Course Meeting Times
Lectures: 2 sessions / week, 1.5 hours / session
Fundamentals of compressible fluid dynamics and application to external and internal flows. Quasi-one-dimensional channel flow, extensions, and analysis of multi-dimensional flows in nozzles, diffusers, and inlets. Forces, moments, and loss generation resulting from compressible fluid flow interactions with aerodynamic shapes in subsonic, supersonic, transonic, and hypersonic flight, shock waves, and vortices.
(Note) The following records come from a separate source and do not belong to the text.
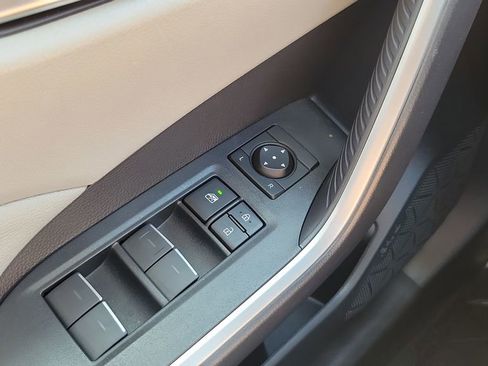 Certified 2025 Toyota RAV4 XLE w/ Convenience Package image 32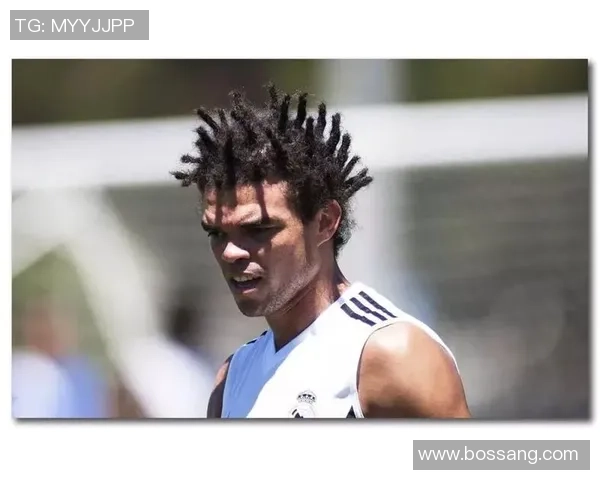 足球明星炫酷发型大集合让你领略球场风采与时尚魅力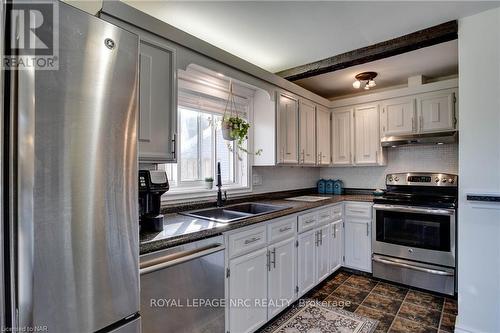 3522 East Main Street, Fort Erie (328 - Stevensville), ON - Indoor Photo Showing Kitchen With Double Sink With Upgraded Kitchen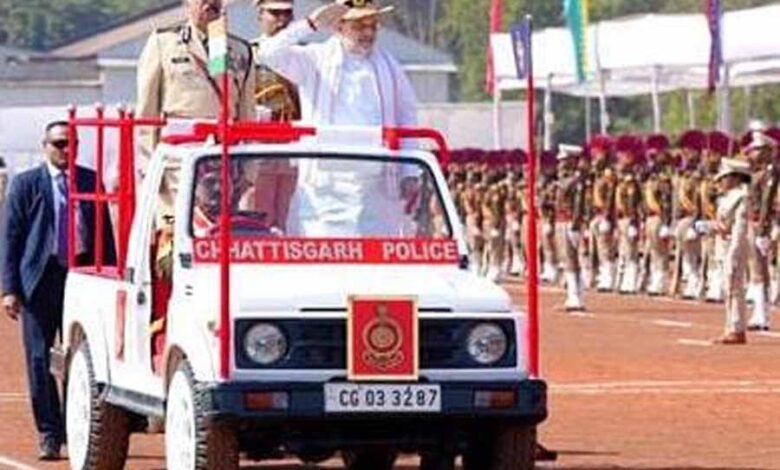 केन्द्रीय गृह एवं सहकारिता मंत्री अमित शाह ने आज अपने छत्तीसगढ़ दौरे के पहले दिन रायपुर में छत्तीसगढ़ पुलिस को ‘प्रेसिडेंट कलर’ प्रदान किया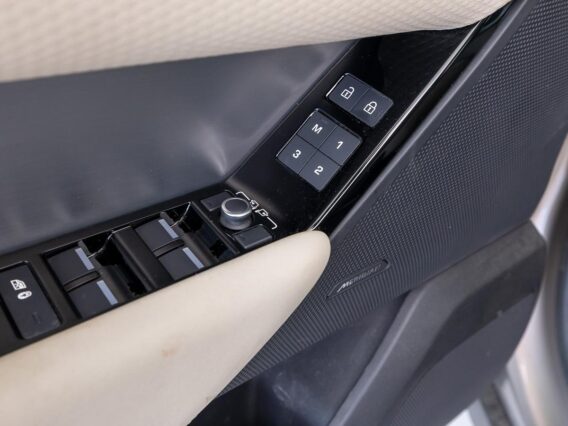 Land Rover Range Rover Velar 2.0 P400e R-Dynamic SE
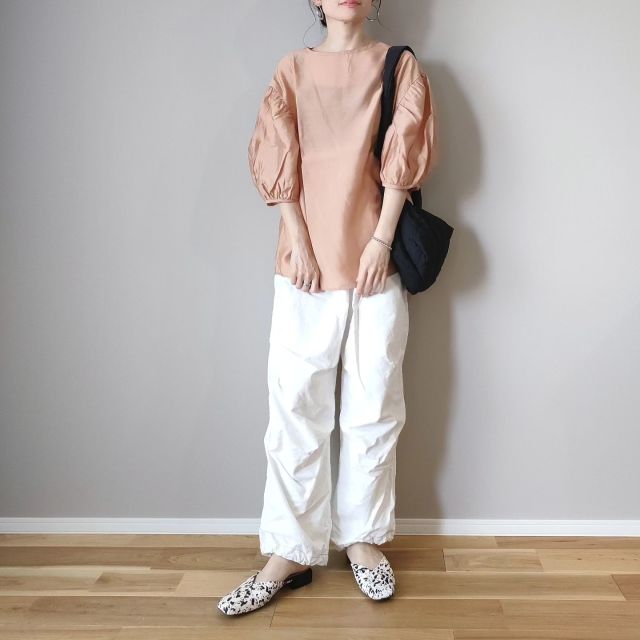 6｜白パラシュートパンツ・カーゴパンツ×甘ブラウスのカジュアルコーデ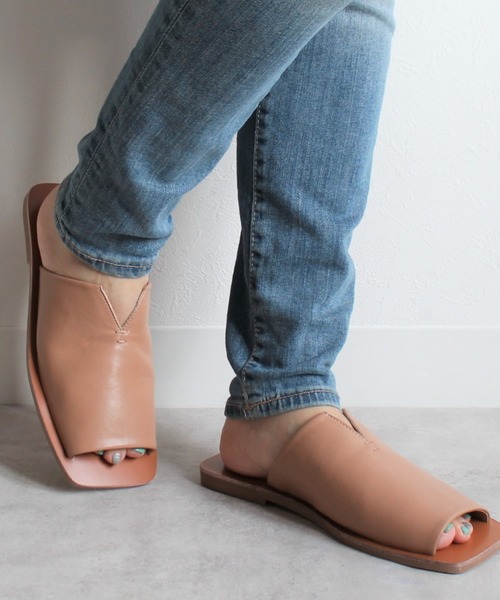 Fabby fabby(ファビィーファビィー)の「スリットフラットワンベルトサンダル(サンダル・レディース・ブラック/ホワイト/ベージュ/パイソン/ブラウン・SS/SMALL/MEDIUM/LARGE)」の1枚目の写真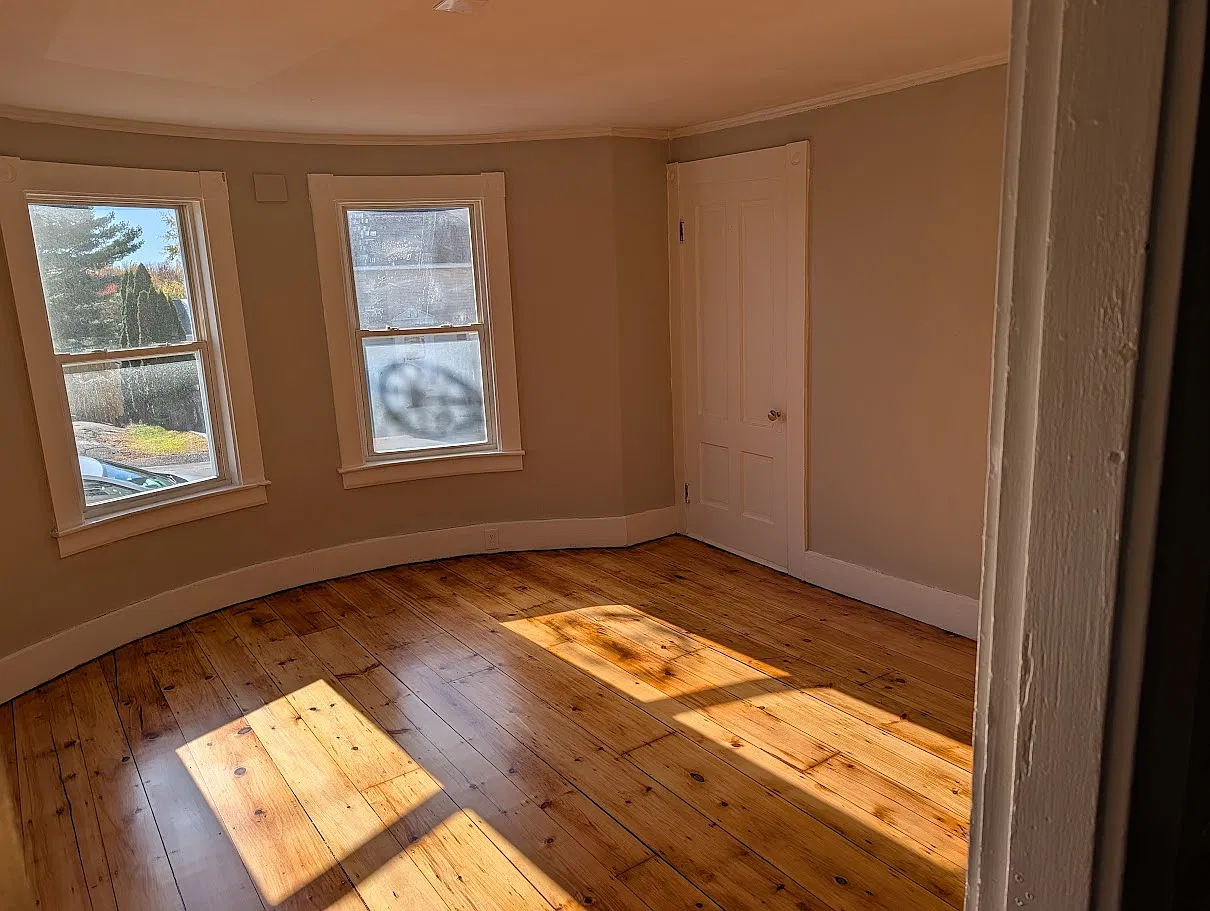2 bed, 900 sqft, $1,875 — Photo 3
Disturbance behavior in unsteady compressible flow.
Students will be able to:
- Describe assumptions, physical meaning of terms and to utilize key relationships for compressible flow, speed of sound, isentropic and non-isentropic flows, and potential and rotational flows;
- Calculate the effect of area change, shaft work, heat addition, mass addition and friction on flow states in a compressible channel flow, including effects on mass flow capacity and flow regime;
- Characterize quantitatively the behavior of velocity and density non-uniformities in an unsteady compressible flow including their evolution in fluid system components;
- Estimate the lift and drag for basic aerodynamic shapes in compressible, inviscid flows.
Students will be able to:
- Describe the assumptions and physical meaning of terms in the equations of motion for continuum flow;
- Define quantitatively the regimes of applicability of quasi-one-dimensional channel flow theory;
- Define quantitatively what it means for a flow to be considered “compressible”;
- Define quantitatively effects of swirl and flow non-uniformity on maximum flow per unit area in a channel;
- Explain the starting behavior of supersonic diffusers and inlets;
- Characterize quantitatively the links between flow angle and pressure changes in a supersonic flow and the differences with subsonic flows;
- Define the conditions for, and effect on flow state of the different types of discontinuities that occur in a compressible flow;
- Describe expressions for and explain the link between vorticity generation and gradients in shock strength;
- Use the Method of Characteristics to analyze a variety of internal and external flows: airfoils, inlets, nozzles, and jet flows;
- Use the Method of Characteristics to design optimum inlets, nozzles, and wind tunnels;
- Define the similarity principles that apply to compressible flows;
- Calculate the lift and drag over simple aerodynamic shapes in compressible, inviscid flows.
There are approximately six problem sets, an oral mid term exam, and an oral final exam.
Prof. Z. S. Spakovszky
Prof. W. L. Harris
The lectures are held twice a week for 1.5 hours per session.